A GLOBAL APPROACH TO DETECTION OF PARALLELISM (COMPILERS)
CALLAHAN, CHARLES DAVID, II
Doctor of Philosophy
Modern computers will increasingly rely on parallelism to achieve high computation rates. Techniques to automatically detect and exploit parallelism have been shown effective for computers with vector capabilities. To employ similar techniques for asynchronous multiprocessor machines, the analysis and transformations used for vectorization must be extended to apply to entire programs rather than single loops. Three subproblems are addressed. A sequential to parallel conversion techniques is presented. This algorithm, called a parallel code generator, is suitable for conversion of entire subroutines to parallel form. This algorithm is shown to be optimal for a restrictive form of the conversion problem. Additional transformations can be added to the basic parallel code generator. Loop interchange is added to the conversion problem but it is shown that finding the optimal solution is then NP-complete. The presence of loop carried dependences results in less efficient parallel code. Loop alignment is a general tool for removing loop carried dependences and improving the effectiveness of the parallel code generator.
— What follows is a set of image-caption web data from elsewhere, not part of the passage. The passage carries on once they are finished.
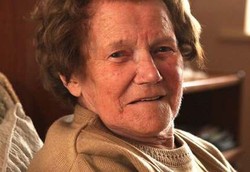 Berkat Donor Kulit dari Orang Meninggal, Luka 20 Tahun Sembuh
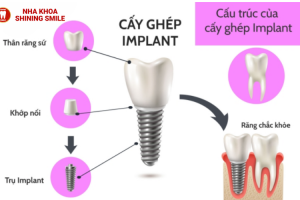 Trồng Răng Implant Có Chụp MRI Được Không? Giải Đáp Thắc Mắc!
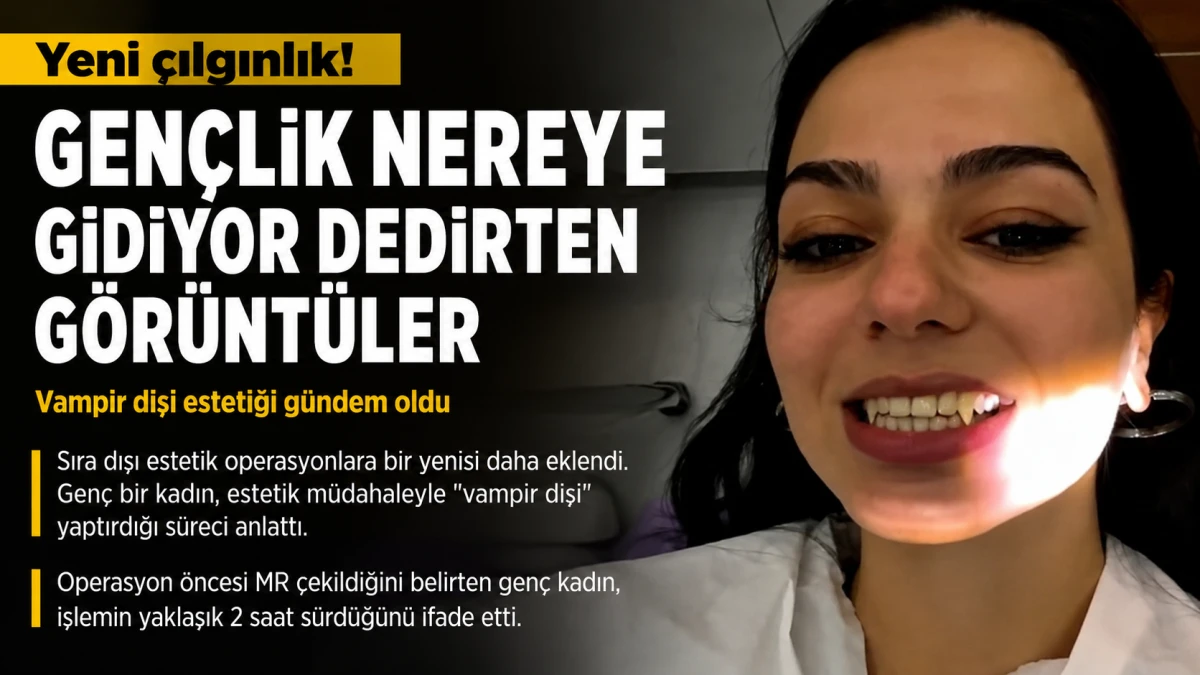 Vampir Dişi Estetiği Sosyal Medyada G&uuml;ndem Oldu: İşlem Yaklaşık 2 Saat S&uuml;r&uuml;yor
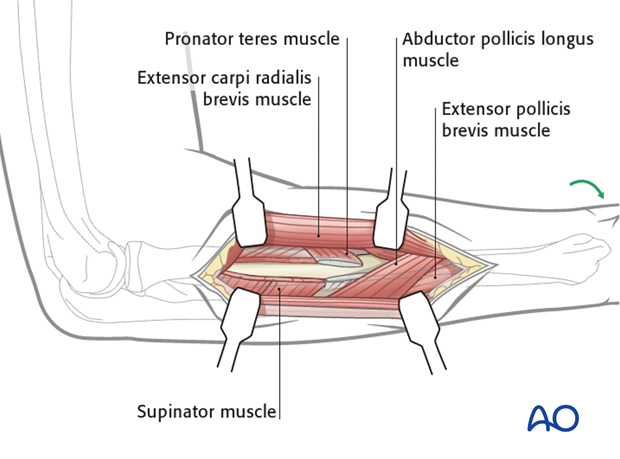 Posterolateral approach (Thompson)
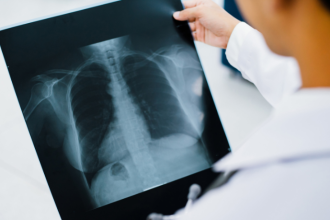 Dra. Thaline Neves destaca a importância da radiologia pediátrica com foco em segurança, precisão e cuidado infantil.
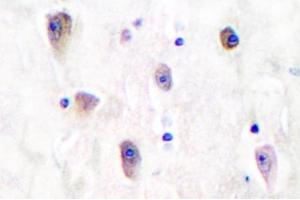 Image no. 2 for anti-Glutamate Receptor, Ionotropic, Kainate 1 (GRIK1) antibody (ABIN265438) (GRIK1 anticorps)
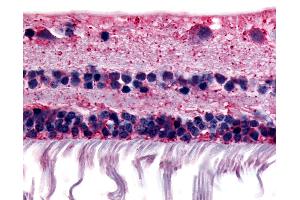 Anti-RGR antibody IHC of human retina. (RGR antibody  (Extracellular Domain))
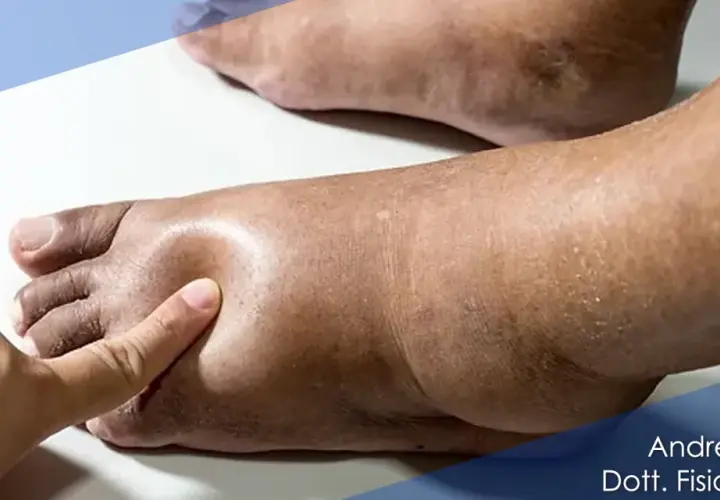 Piede gonfio con evidente imbibizione edematosa, segno di accumulo di liquidi.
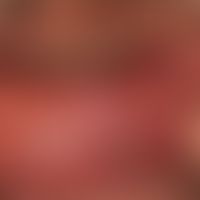 Verrucae vulgares: linearly arranged, broad-based, white-grey, symptomatic papules (Remark: in a ...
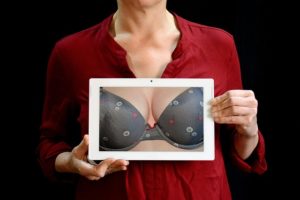 Breast implant cancer link underscores importance of long-term monitoring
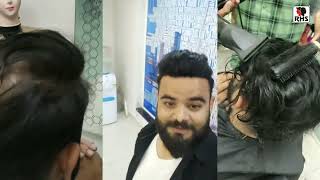 Hair Transformation | Hair Patches For Men | Patch Work In Hyderabad Branch | 9355443737 |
Loop alignment is hampered by alignment conflicts. A transformation called code replication can be used to break alignment conflicts at the cost of additional computation in the output program. It is shown that minimizing the amount of code replication is NP-hard and potentially exponential. Calls to external routines are also a problem for the parallel code generator. A method is developed to summarize the effects of external routines in such a way as to allow effective dependence analysis to be performed around the call site. The ability to distribute shared arrays over local memories is important to mask long global memory access times. A general algorithm is presented based on data dependence analysis and alignment conflicts. This techniques is integrated into the parallel code generator.